_Work to complete:_
Retype all the records below exactly as they are, with no image carried over.

BEGIN Available data

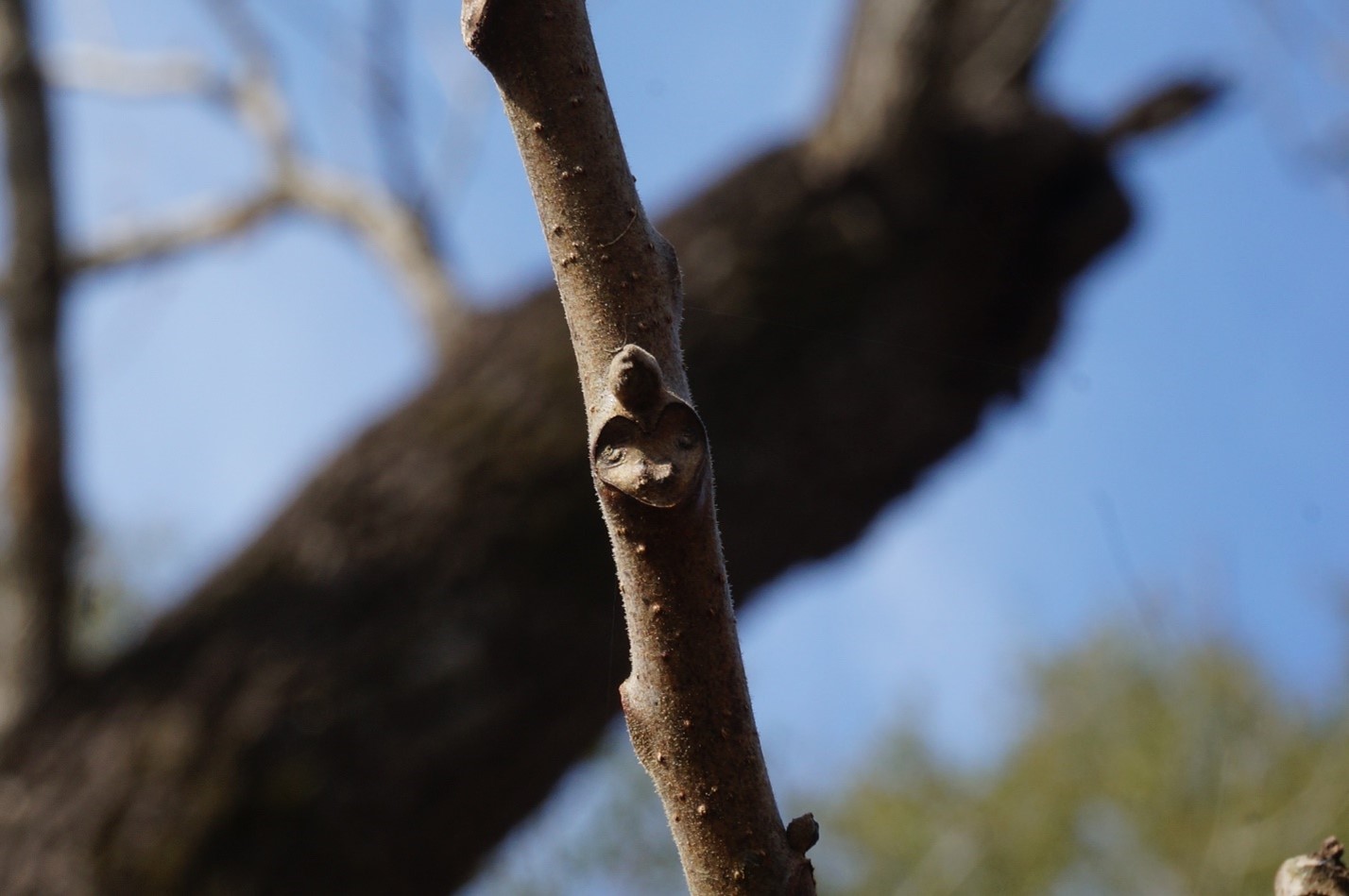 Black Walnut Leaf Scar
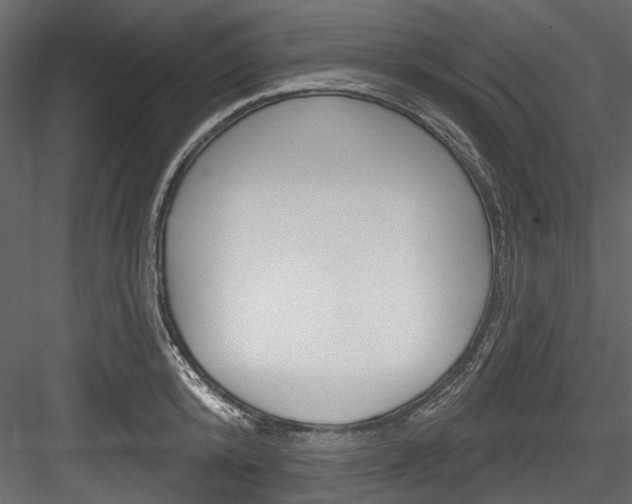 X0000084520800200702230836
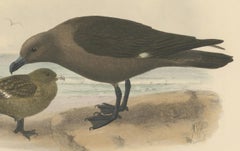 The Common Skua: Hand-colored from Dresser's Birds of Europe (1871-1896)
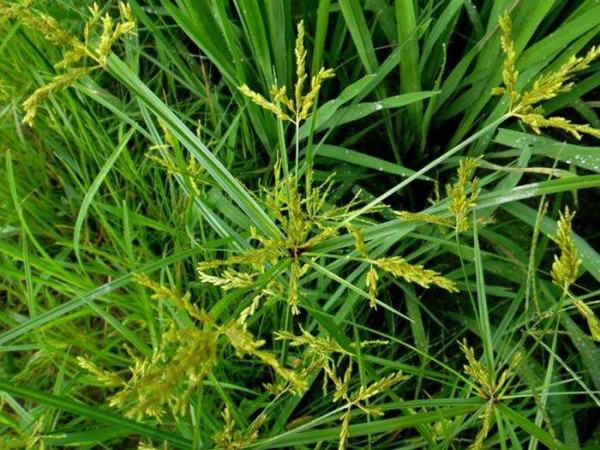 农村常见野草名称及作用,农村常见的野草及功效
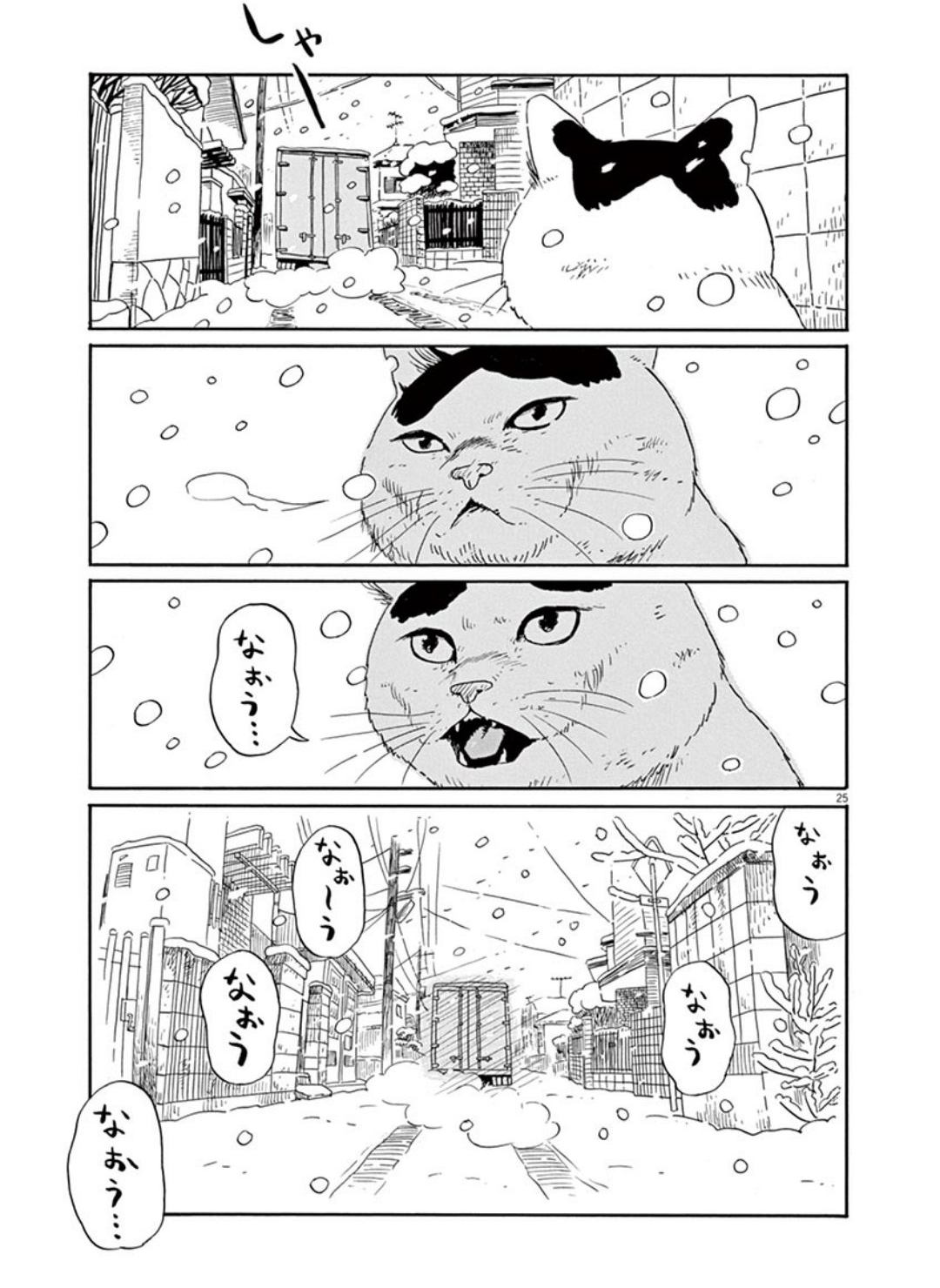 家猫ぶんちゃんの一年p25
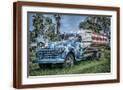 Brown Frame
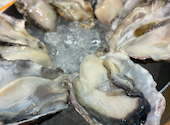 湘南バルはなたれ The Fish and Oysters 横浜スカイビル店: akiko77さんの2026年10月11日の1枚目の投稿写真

END Available data

_Solution for this task:_
 Black Walnut Leaf Scar
 X0000084520800200702230836
 The Common Skua: Hand-colored from Dresser's Birds of Europe (1871-1896)
 农村常见野草名称及作用,农村常见的野草及功效
 家猫ぶんちゃんの一年p25
 Brown Frame
 湘南バルはなたれ The Fish and Oysters 横浜スカイビル店: akiko77さんの2026年10月11日の1枚目の投稿写真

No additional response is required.